1.7.4 Fold change distributions
As this is a spike-in study with known ground truth, we can also plot the log2 fold change distributions against its true values, in this case 0 for the human proteins and 0.585 for the E. coli proteins.
ggplot(inference) +
aes(y = logFC,
x = isEcoli,
colour = isEcoli) +
geom_boxplot() +
geom_hline(yintercept = c(0, log2(4.5) - log2(3)),
colour = c("grey20", "firebrick")) +
scale_color_manual(
values = c("grey20", "firebrick"), name = "",
labels = c("Human proteins", "E. coli proteins")
) +
ggtitle(paste0("Hypothesis test: ", colnames(L), " = 0"))
Estimated log2 fold change for human proteins are closely distributed around 0, as expected. log2 fold changes for E. coli proteins are distributed around the fold changes induced by the experimental design, indicating that msqrob2 is providing unbiased fold change estimates.
1.7.5 Detail plots
We can explore the data for a protein to validate the statistical inference results. For example, let’s explore the peptide and the summarised protein intensities for the protein with the most significant difference.
(targetProtein <- rownames(inference)[which.min(inference$adjPval)])[1] "P0A799"
To obtain the required data, we perform a little data manipulation pipeline:
We use the QFeatures subsetting functionality to retrieve all data related to and focusing on the peptides_log and proteins sets that contains the peptide ion data used for model fitting. We then convert the data with longForm() for plotting. Finally, we plot the log2 normalised intensities for each sample at the protein and at the peptide level. Since multiple peptides are recorded for the protein, we link peptides across samples using a grey line. Samples are colored according to E. coli spike-in condition.
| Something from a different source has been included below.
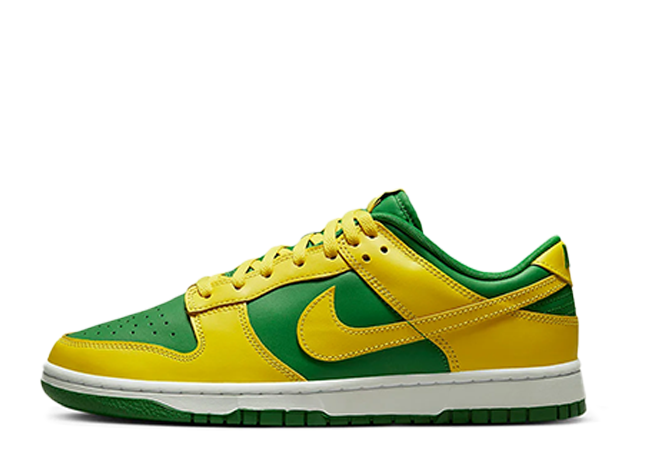 Nike Dunk Low "Reverse Brazil" Apple Green/Yellow Strike/White_. 28.5cm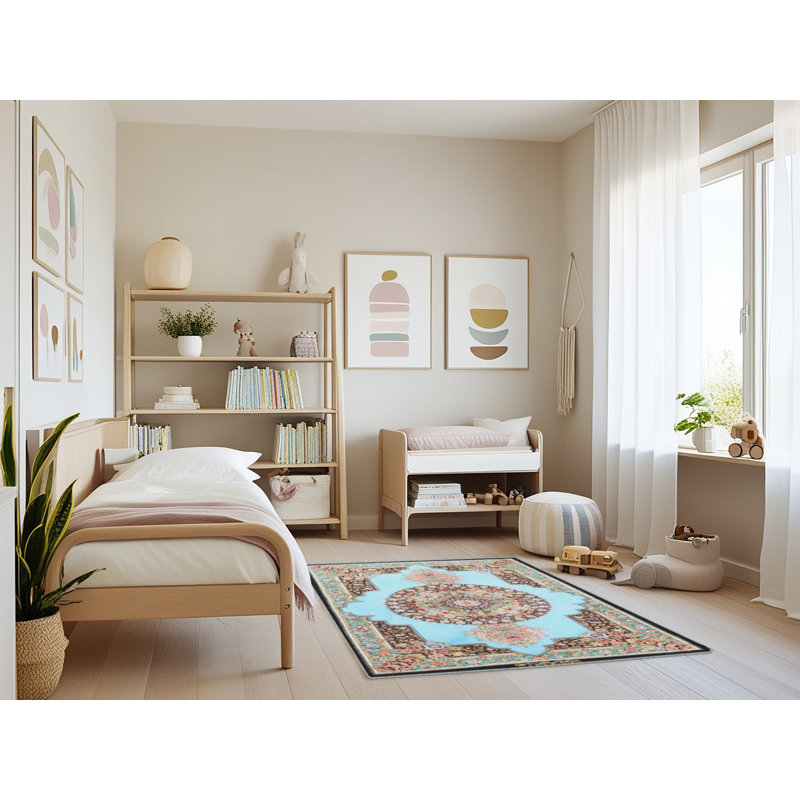 Oriental Indoor Rug, Rectangle 3' x 5'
spikein[targetProtein, , c("peptides_log", "proteins")] |> #1
longForm(colvars = colnames(colData(spikein)), #2
rowvars = "Proteins") |>
data.frame() |>
ggplot() +
aes(x = colname,
y = value) +
geom_line(aes(group = rowname), linewidth = 0.1) +
geom_point(aes(colour = condition)) +
facet_wrap(~ assay, scales = "free") +
ggtitle(targetProtein) +
theme_minimal() +
theme(axis.text.x = element_blank())
1.8 Going further
1.8.1 Testing muliple contrasts at once
We showed how to perform a hypothesis test to answer the question “which proteins change in abundance between condition b and condition a?”. However, since we have 5 conditions, we can do further comparisons. msqrob2 can assess multiple hypothesis at once. Like above we must provide which hypotheses we want to compare. createPairwiseContrasts() will generate all possible comparisons between condition level. The function requires the model specification that has been estimated and the sample annotation from the data. We also specify that we estimated the model using ridge regression, which influences parameter names.
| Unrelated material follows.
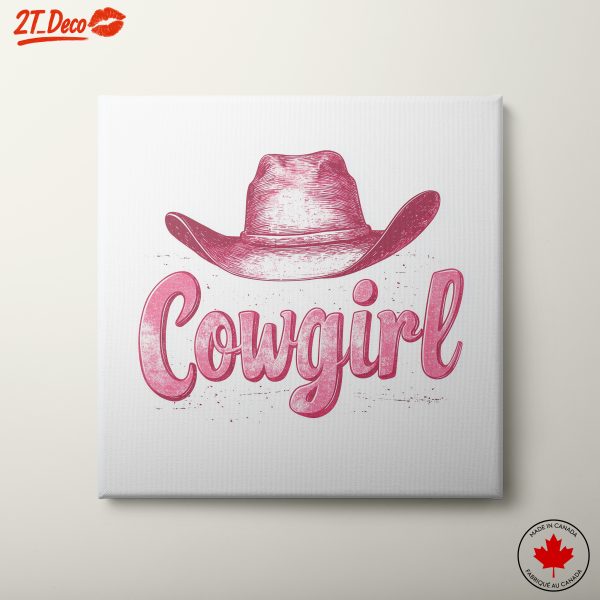 Vintage Cowgirl Hat Artwork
TODO: add automatic pairwise comparisons function to msqrob2
(allHypotheses <- createPairwiseContrasts(
model, colData(spikein), "condition", ridge = TRUE
)) [1] "ridgeconditionc - ridgeconditionb = 0"
[2] "ridgeconditiond - ridgeconditionb = 0"
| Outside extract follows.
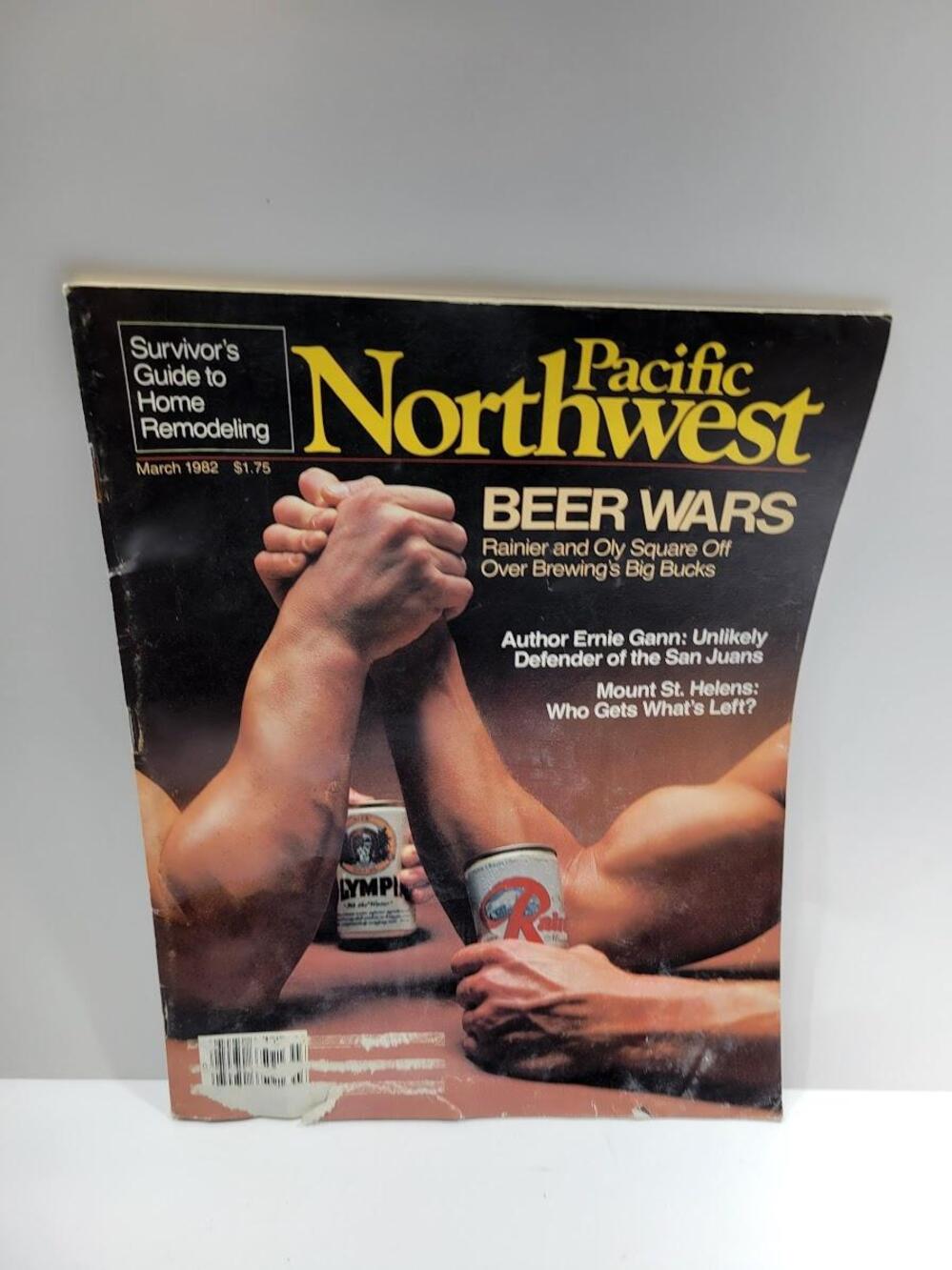 Vintage 1982 Pacific Northwest Magazine Beer Wars Mount St Helens Remodeling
[3] "ridgeconditione - ridgeconditionb = 0"
[4] "ridgeconditiond - ridgeconditionc = 0"
[5] "ridgeconditione - ridgeconditionc = 0"
[6] "ridgeconditione - ridgeconditiond = 0"
[7] "ridgeconditionb = 0"
[8] "ridgeconditionc = 0"
[9] "ridgeconditiond = 0"
[10] "ridgeconditione = 0"
We now run the same workflow as above for a single hypothesis, except that here allHypotheses is a vector of contrasts.
(L <- makeContrast(
allHypotheses,
parameterNames = paste0("ridgecondition", c("b", "c", "d", "e"))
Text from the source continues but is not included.